Because it’s never a question that has a single unchanging answer the process of deciding what gets made and what gets released is something that will determine the fate of each label as much as anything. Starting trends is always preferable to trying to keep up with established trends which itself is far better than falling behind trends, or worse still, never getting within hailing distance of trends no matter how old and stale they may be.
The smaller independent companies that succeeded in rock’s first few decades did so because they managed to keep up with the times, but even so there was never a moment’s rest. As soon as you thought you had a handle on what sounds were most marketable that market would invariably shift and you’d be at risk for never catching back up again… as Miracle Records was painfully learning throughout 1949.
Don’t Believe In Miracles
Sorry if this is a spoiler for any reader but at a certain point you have to assume that the potential audience for the story has had plenty of time to learn what happens in the end and when it comes to the fate of record companies from the 1940’s we’ve long since reached that point, so here’s final plot twist that is about to occur… Miracle Records would cease operations in early 1950, just a few weeks after this release in fact.
The reason why we bring it up here is because this will mark one of our final chances to try and determine what the hell happened over the course of two years that saw the biggest hit in rock ‘n’ roll for all of 1948 appear on the Miracle label, one of two #1 hits they scored that year, only to have their fortunes sink so low a year later that they were unable to continue and had to sell off their holdings to King Records just to pay off their creditors.
Was it some risky foolhardy venture into an untested style of music that proved to be their downfall? The loss of their biggest stars leaving them with a depleted roster of has-beens and never-weres? Maybe it was some outside entanglement, a legal mess or problems with distributors, which depleted the company’s resources and rendered them unable to stay financially solvent?

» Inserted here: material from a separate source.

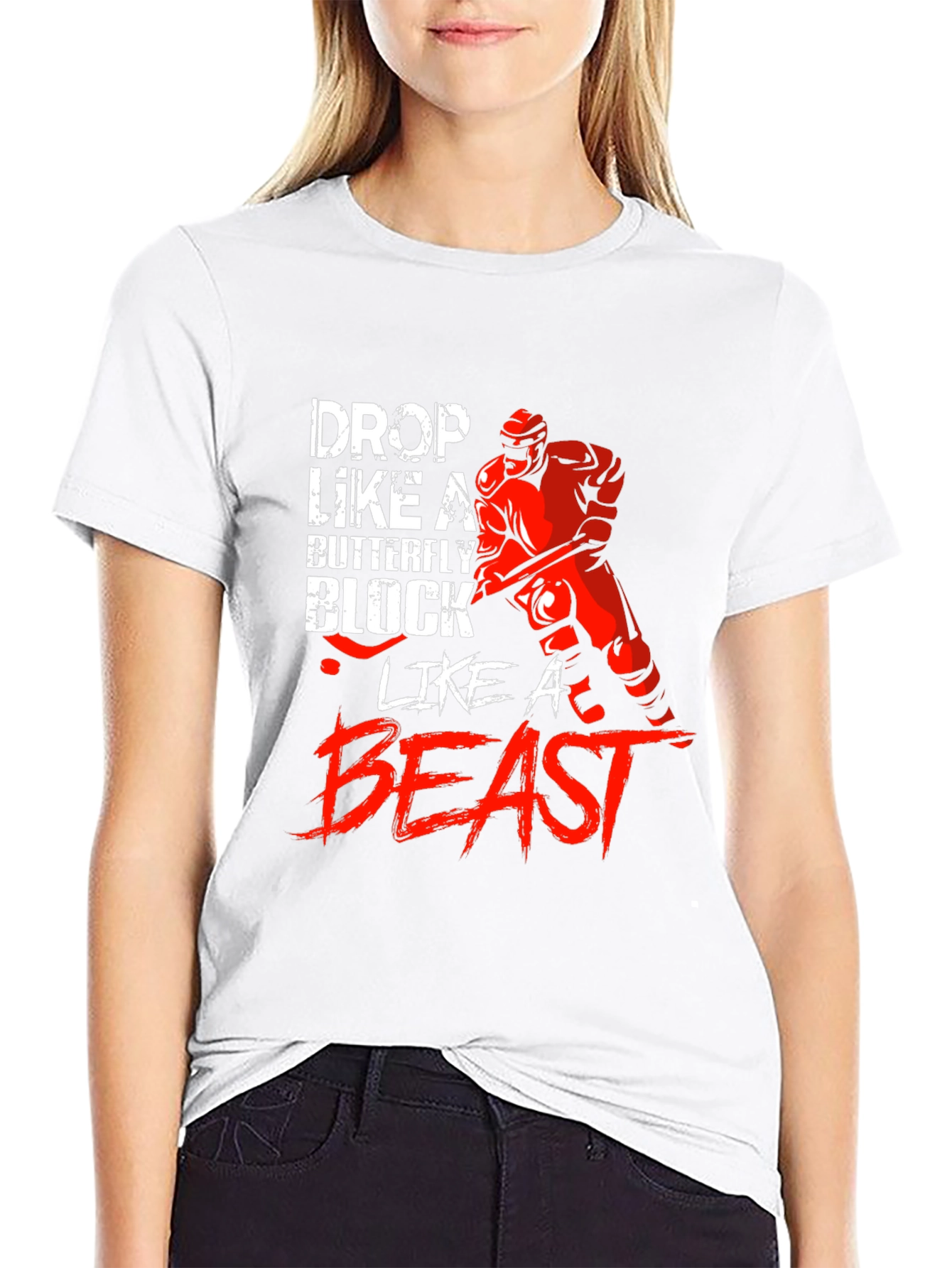 Hockey Goalie Graphic T-Shirt - Drop Like a Butterfly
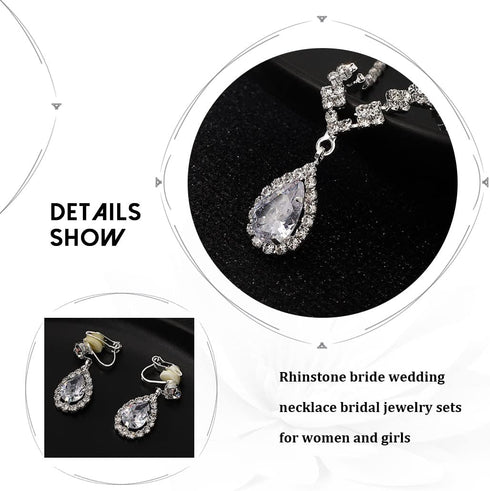 JAKAWIN Bride Silver Bridal Necklace Set Crystal Wedding Jewelry Set Rhinestone Necklace Clip On Earrings for Women (Set of 3) (A)...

No, it was none of those things.
So what WAS to blame for Miracle Records precipitous downfall in a matter of months when it appeared to all who had their pulse on the industry that they might be in the race for the long haul?
Basically it comes down to what we laid out in the intro… a bad reading of the musical landscape going forward.
Now to be honest there WERE other considerations at play here, including the fact they never were able to bolster their roster with any viable artists beyond their big three of bluesman Memphis Slim and two rock instrumentalists, pianist Sonny Thompson and saxophonist Eddie Chamblee. The mere fact that the latter two weren’t originally deemed to be much more than sidemen when the company was starting out and only saw their instrumentals (collectively and individually) get released and promoted heavily because of the recording ban that put a crimp in the ability of every company to cut new sides as time went on, probably tells you that Miracle Records were more lucky than good to begin with and shouldn’t be counted on to keep that hot streak going when their luck ran out.
But many a record company began by getting a lucky break and the ones who took advantage of the opportunities presented by that one turn of good fortune are the ones we remember.
Miracle Records on the other hand got lucky and scored with a girl far out of their league one fateful night and figured they had it made. They believed they were now in the big-time and could relax and enjoy the fruits of their labor.
But while they were basking in the post-coital glow in the darkened room, lady luck quietly got out of their bed, put her clothes back on and gathered her things while Miracle Records dozed peacefully a few feet away and without so much as glancing back over her shoulder she walked out the unlocked door and never returned. She didn’t even leave a note behind.
So allow us to step in and write that parting shot for their benefit:
Dear Whateveryournameis,
Thanks for the tumble last night. Just because I left before you woke up don’t think I didn’t have a good time, I did, but during our brief fling I could tell you weren’t smart enough for a long term relationship.
You need to understand that I’m in high demand and if I’m gonna hand out luck to random fellas I need to know they have the brains to know what to do with it.
You have a nice personality and weren’t bad company but you clearly didn’t have enough experience where it matters to be worth the investment. Don’t take it personally, although if we run into each other in public, pretend you don’t know me.
xoxo
Long Gone Indeed
Miracle Records opened its eyes up sometime the next morning, looked around, saw no such note explaining what happened, and realized their good fortune had left under cover of darkness.
Rather than get dressed and go out and do something about it, refusing to accept this downturn without a fight, they were already resigned to the outcome. Sighing, they put the bed pillows against the wall, leaned back, smoked a few cigarettes probably (remember, this was 1949 when everybody smoked, which is also why everybody was dead by 1965) and with a wry half smile figured they’d had it coming. Deep down they knew they weren’t in her league to begin with and this was the inevitable result of that brief liaison with providence.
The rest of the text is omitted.